*** Opening Record extracts ***
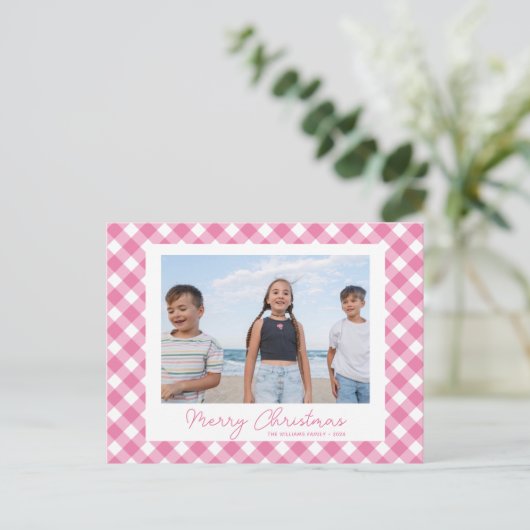 Carte postale de Noël rose moderne En vichy photo (Debout devant)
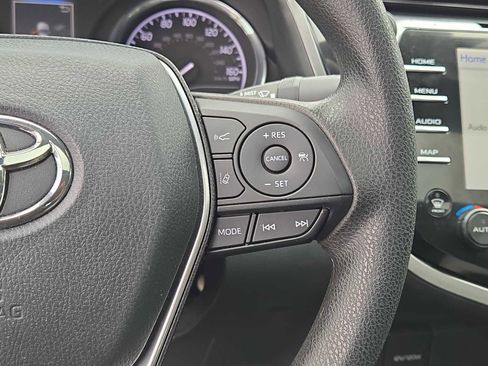 Used 2020 Toyota Camry LE image 23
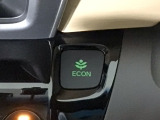 ★ECONスイッチ★ エコドライブを加速しよう!スイッチをONにすると、運転の仕方によるロスを抑え込み燃費をよくするようクルマが頑張ります(*^ー^*)燃費向上にチャレンジ♪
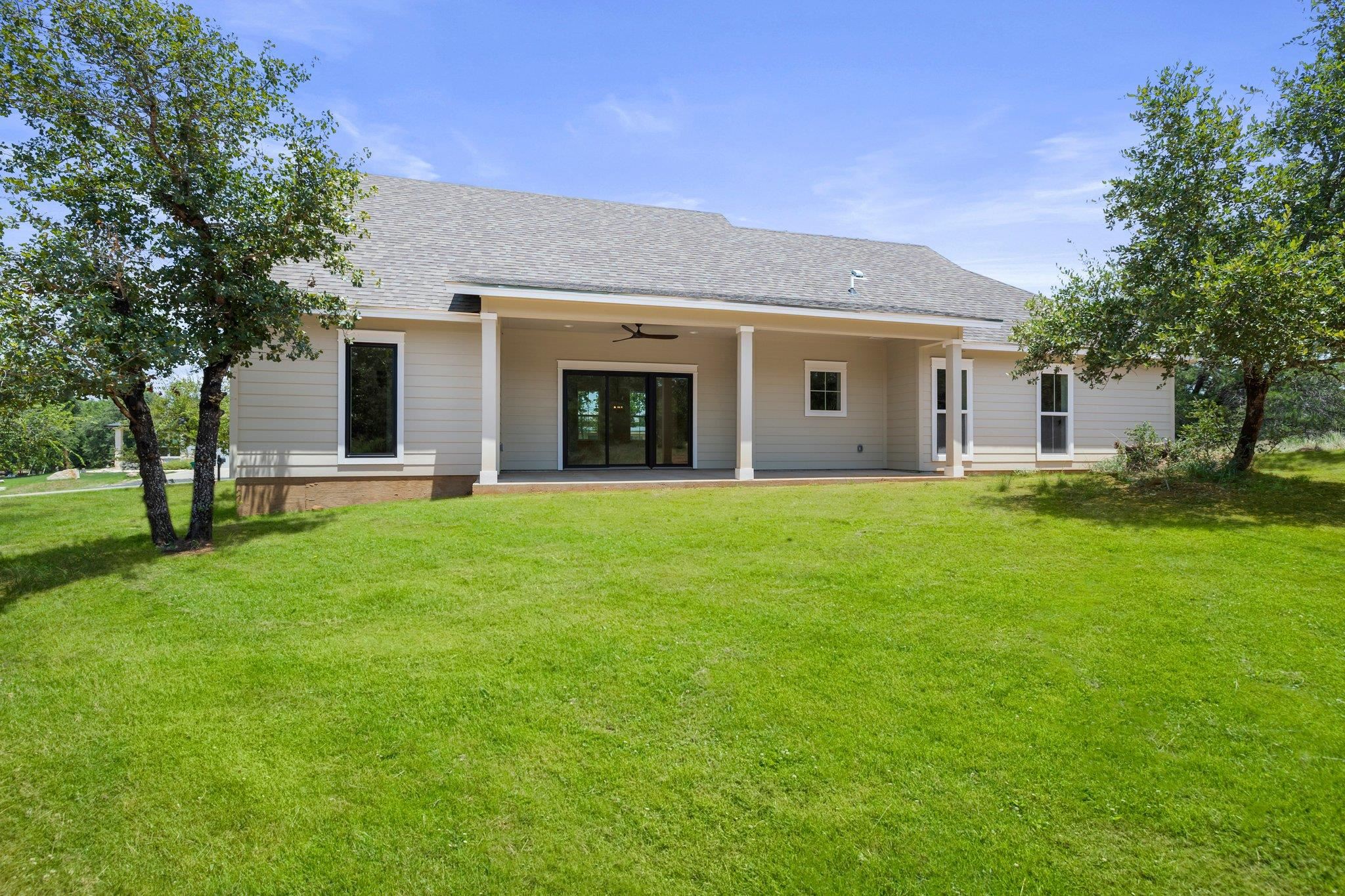 159 W Castlelake Drive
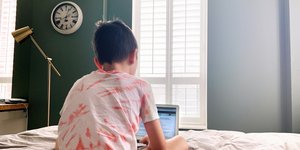 παιδι πλατη ταμπλετ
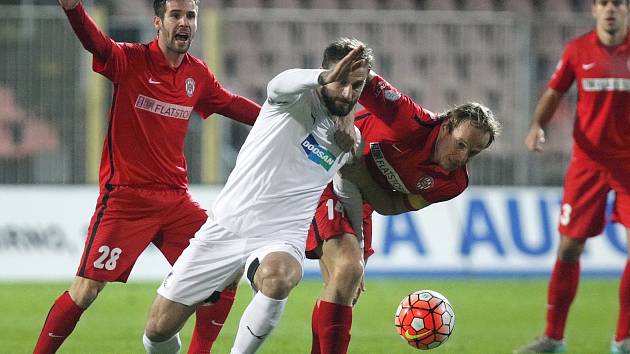 Z nenápadně vyhlížející situace se zrodila branka, která plzeňskou Viktorii poslala do čtvrtfinále Mol Cupu. Západočeši na hřišti Zbrojovky před slabou dvoutisícovou návštěvou zvítězili 1:0.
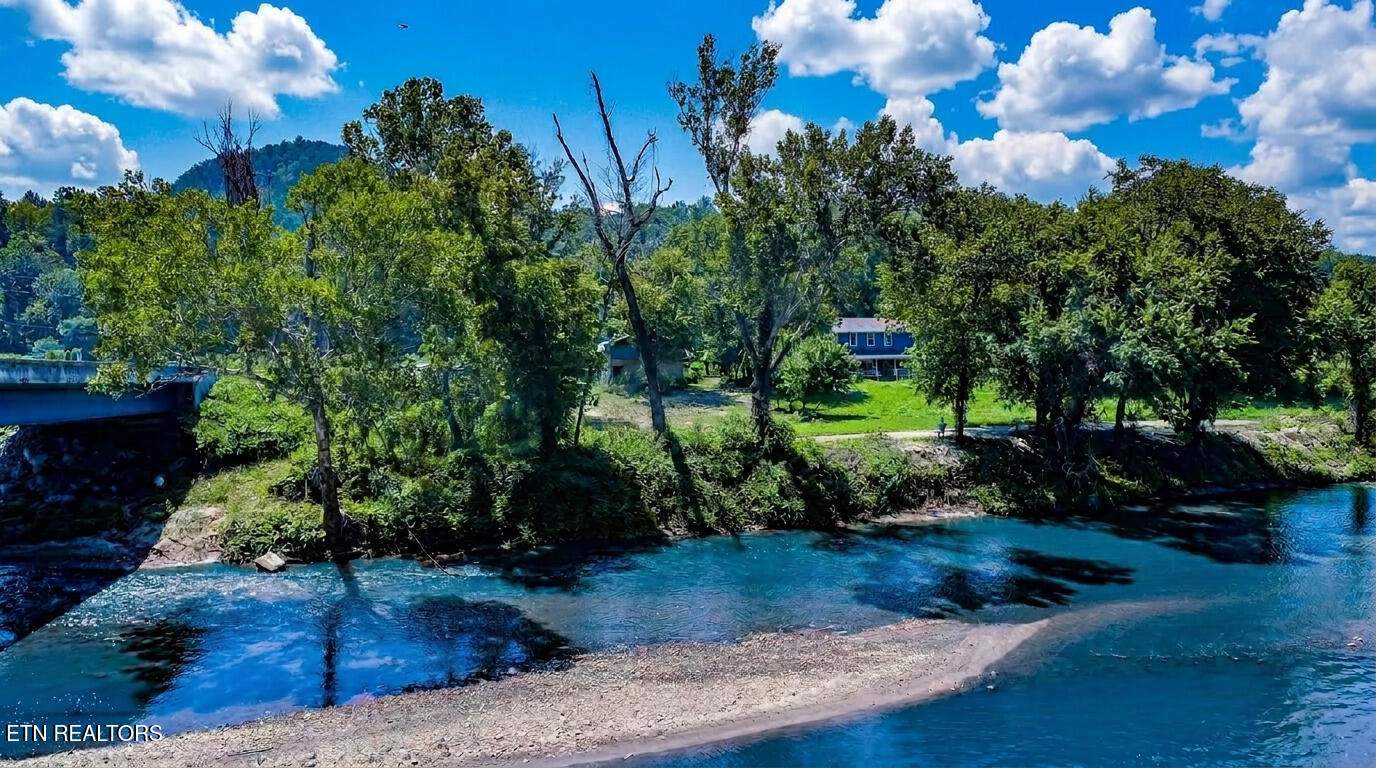 151 S Highway 107 Del Rio TN 37727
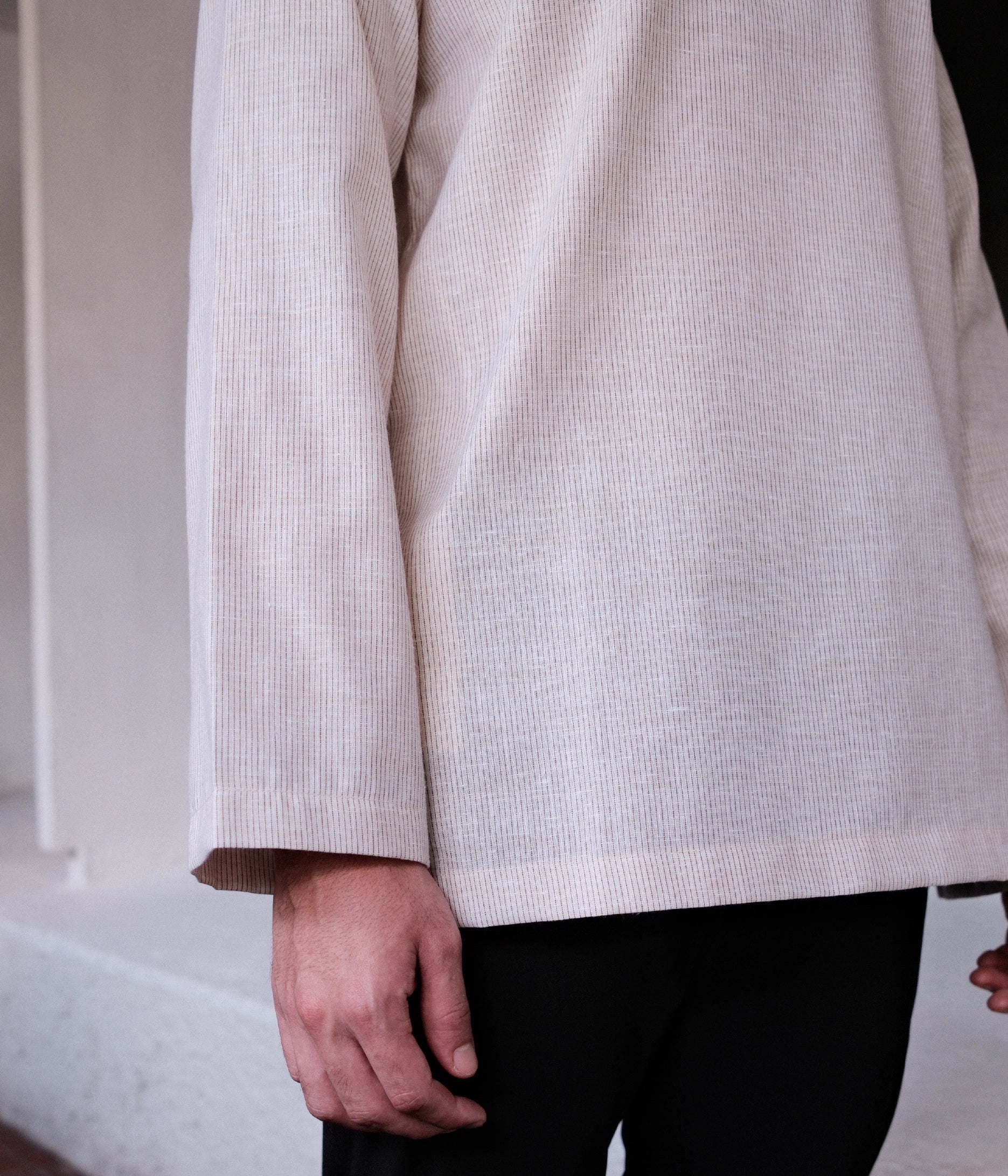 color-light-cream-narrow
*** Closing Record extracts ***
Task details: Omit every picture while transcribing the records above exactly.

Solution:
 Carte postale de Noël rose moderne En vichy photo (Debout devant)
 Used 2020 Toyota Camry LE image 23
 ★ECONスイッチ★ エコドライブを加速しよう!スイッチをONにすると、運転の仕方によるロスを抑え込み燃費をよくするようクルマが頑張ります(*^ー^*)燃費向上にチャレンジ♪
 159 W Castlelake Drive
 παιδι πλατη ταμπλετ
 Z nenápadně vyhlížející situace se zrodila branka, která plzeňskou Viktorii poslala do čtvrtfinále Mol Cupu. Západočeši na hřišti Zbrojovky před slabou dvoutisícovou návštěvou zvítězili 1:0.
 151 S Highway 107 Del Rio TN 37727
 color-light-cream-narrow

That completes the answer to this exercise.